I have a Windows Server 2008 x64 Standard virtual machine that runs on a machine with a hardware RAID controller, a Perc 6/i, which has a battery on-board.
Doing everything I can for additional performance, I think I should disable this. Is this very dangerous though?
My understand is that Battery Backed Write Caching gives a performance boost to the host OS, telling it the write was complete when they are still sitting in flash waiting to be written.
However, I can't see how it would be detrimental to performance, but is there a gain (even if marginal) to enabling it / disabling it?
P.s. There machine has a backup power.
Here is a screen shot for clarification:
Whenever a Windows application is writing data to disk, this data is written to the host memory first.
A "normal" write request returns immediately after the data is in memory and a queue entry indicating that this data needs flushing to persistent storage is created. A mechanism called the Lazy Writer ensures that this queue is being processed periodically (1/8th of the queue is flushed by the lazy writer every second by default). This is the mechanism you are disabling by unchecking "enable write caching on the disk" - every write request would need to wait until it has been acknowledged as "written" by the storage device before it returns.
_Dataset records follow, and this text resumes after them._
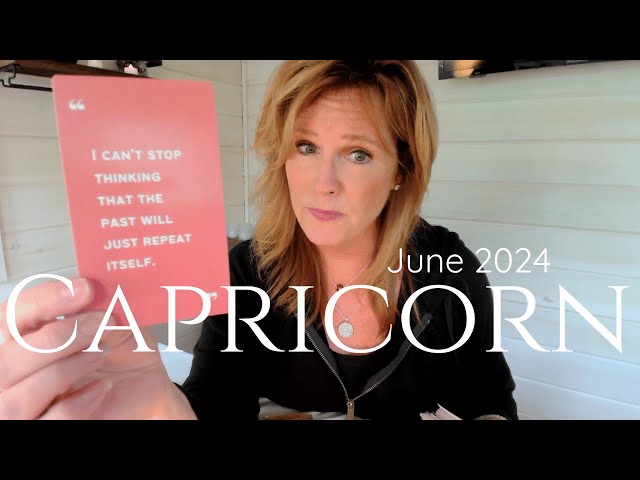 CAPRICORN : The PAST Is REPEATING Itself | June Weekly 2024 Zodiac Tarot Reading class=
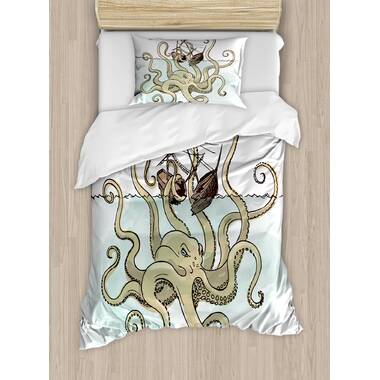 Lahsana Splashed & Splattered Bunkie Deluxe All-in-One Zipper Bedding Set East Urban Home Size: Twin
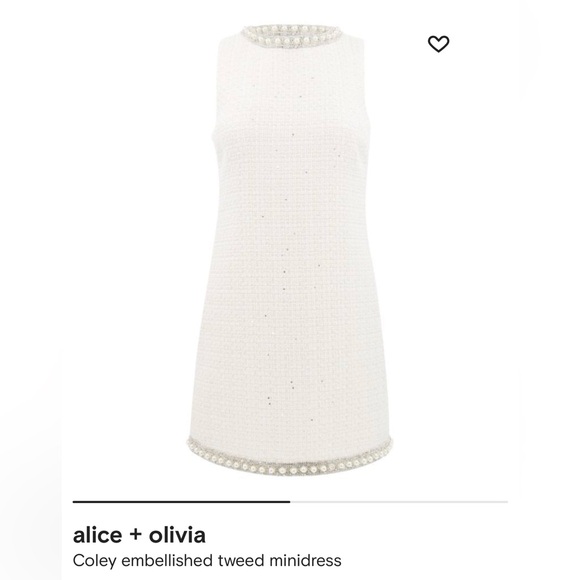 Alice + Olivia Coley Embellished Tweed Mini Dress - Picture 5 of 9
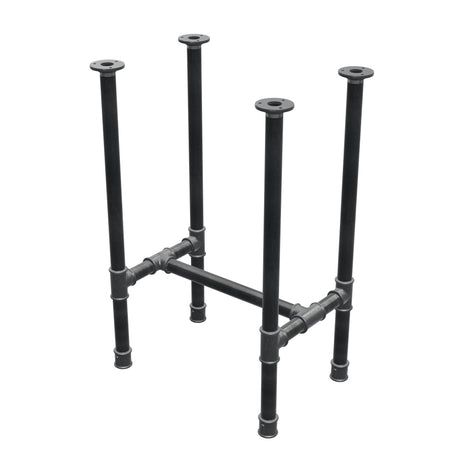 Base de mesa de comedor, estructura en H, hierro fundido y acero Ø 34 mm, 52 × 36 cm, altura 75 cm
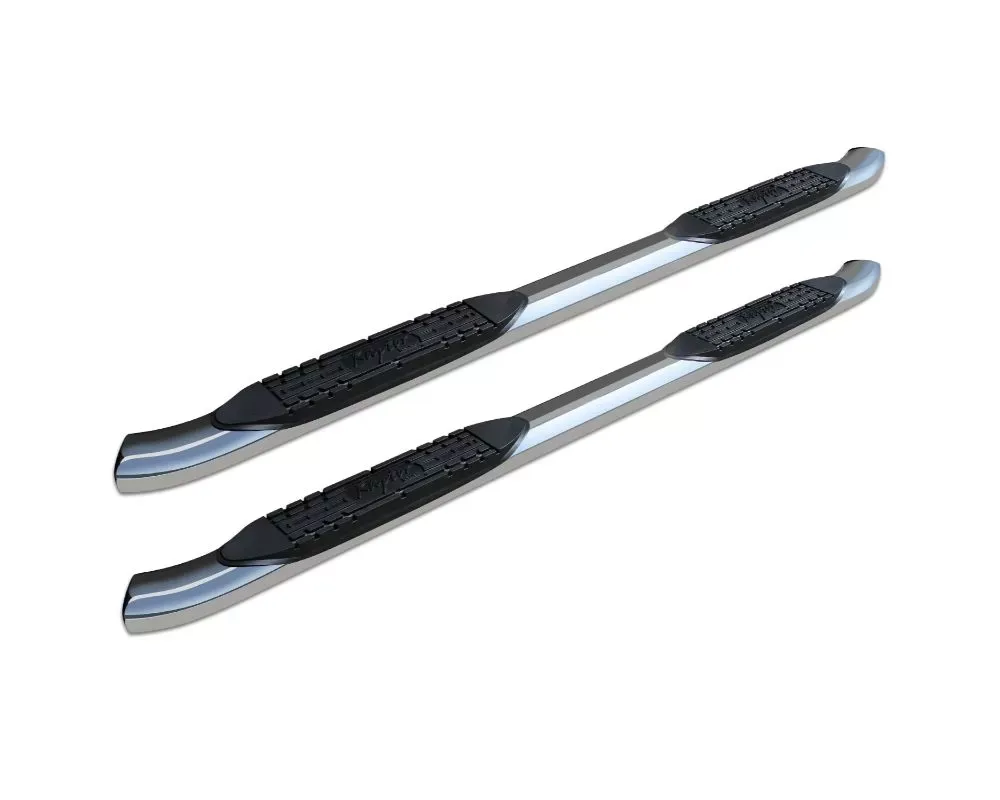 Raptor Series 4" OE Style Curved Polished Oval Steps Chevrolet Silverado | GMC Sierra Crew Cab 2000-2019 - 1501-0020M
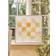 Cox & Cox Chequered Natural Framed Art 80x80cm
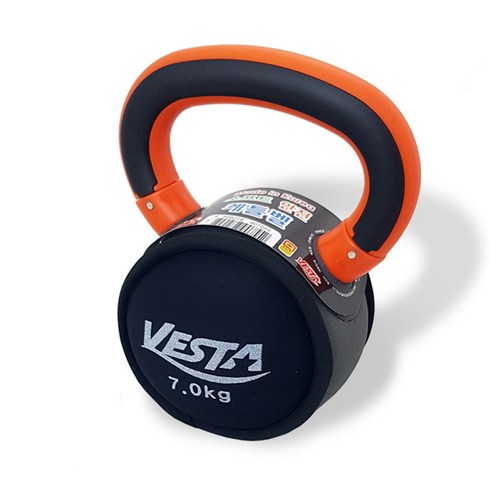 VESTA 소프트 케틀벨, 혼합색상, 7kg, 1개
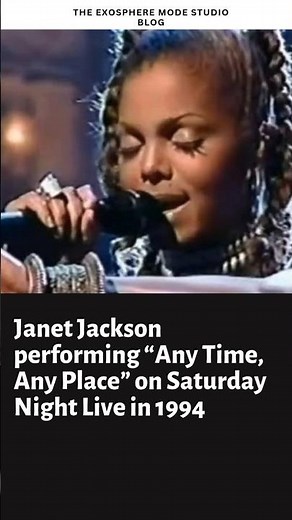 Janet Jackson performing “Any Time, Any Place” on Saturday Night Live in 1994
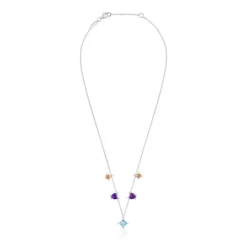 Naszyjnik choker Color Pills ze srebra z kamieniami szlachetnymi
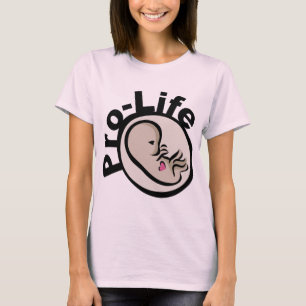 Gegen die Abtreibung Fötus-Entwurf T-Shirt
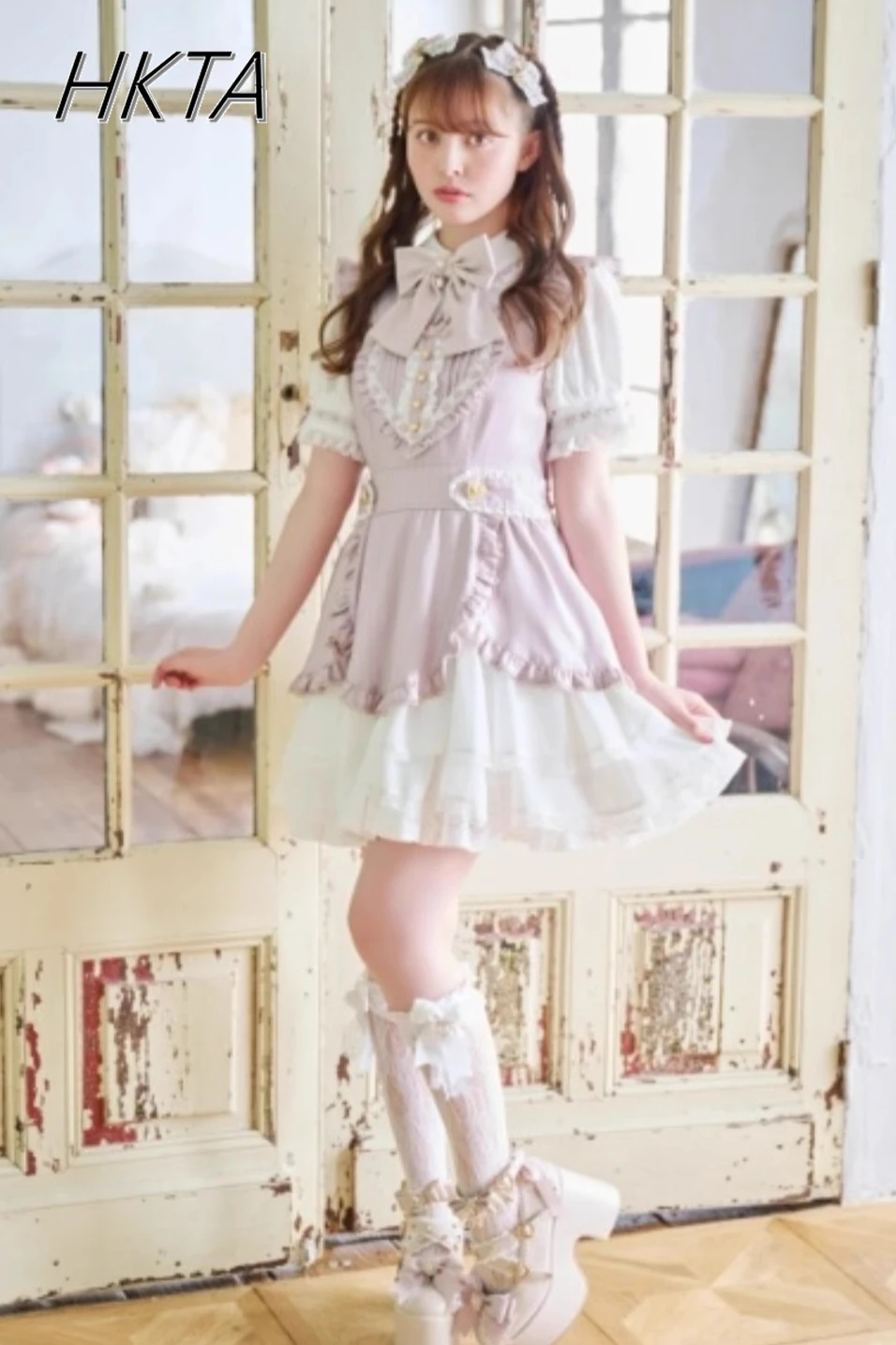 Japanese Love Bow Liz Dress Lolita Girl Cute Doll Collar Short Sleeve Ruffle Lace Short Dresses Summer New High Waist Mini Dress
Japanese Love Bow Liz Dress Lolita Girl Cute Doll Collar Short Sleeve Ruffle Lace Short Dresses Summer New High Waist Mini Dress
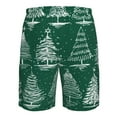 thumbnail image 6 of Kll Christmas Trees Men'S Casual Summer Beach Shorts Hawaiian Shorts With Pockets-3x-Large, 6 of 9
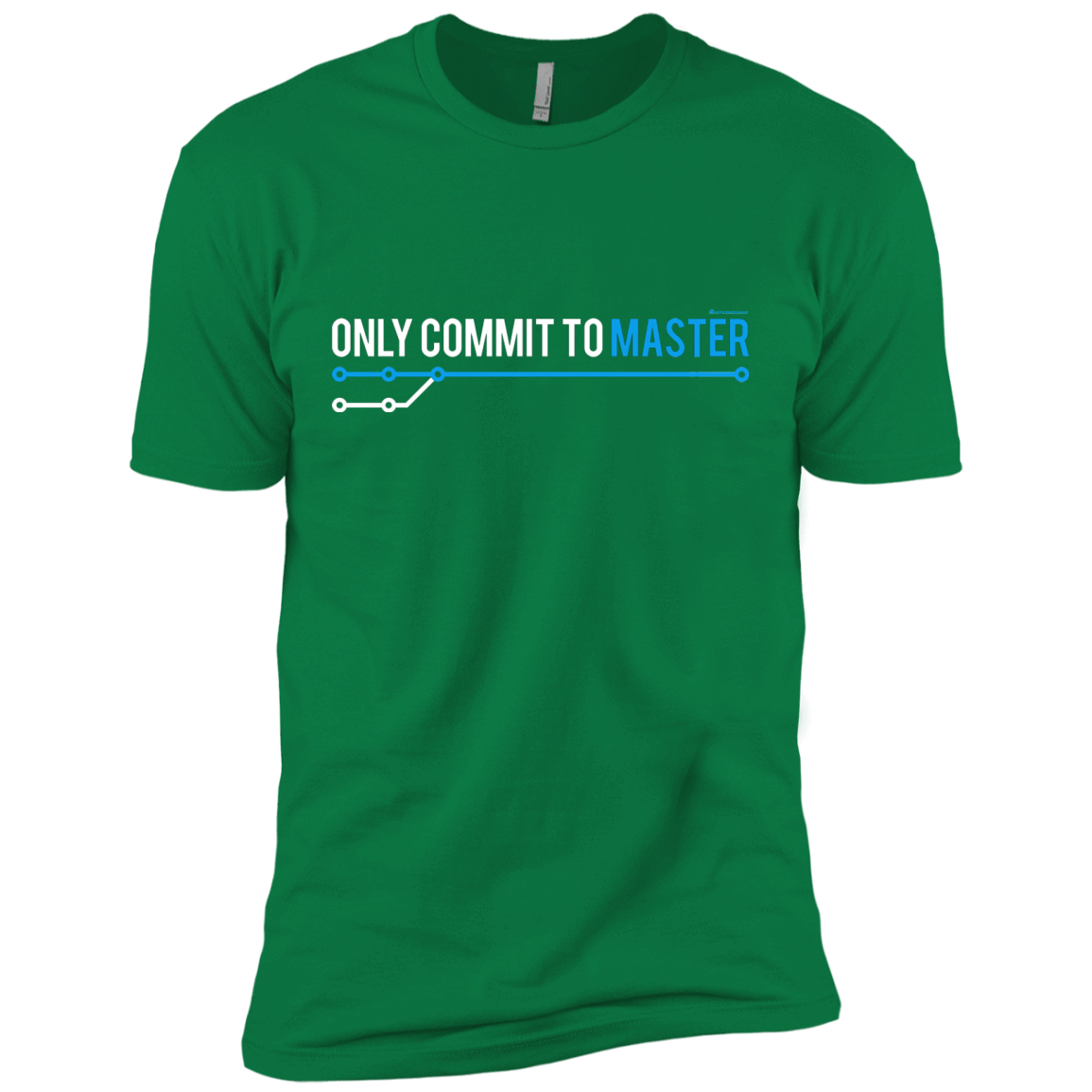 T-Shirts Kelly Green / X-Small Only Commit To Master Men's Premium T-Shirt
Applications with specific requirements for data integrity (databases, filesystem drivers) do have options for a more intelligent approach to caching. For writes which need immediate persistence (NTFS journal, database transaction logs) FILE_FLAG_WRITE_THROUGH can be specified with the write. In this case, the write call would not return before the data is actually committed to persistent storage. Unless you activate the "Enable advanced performance" checkbox which causes the cache manager to ignore FILE_FLAG_WRITE_THROUGH, return the call immediately and pass it to the lazy writer as every other "normal" write.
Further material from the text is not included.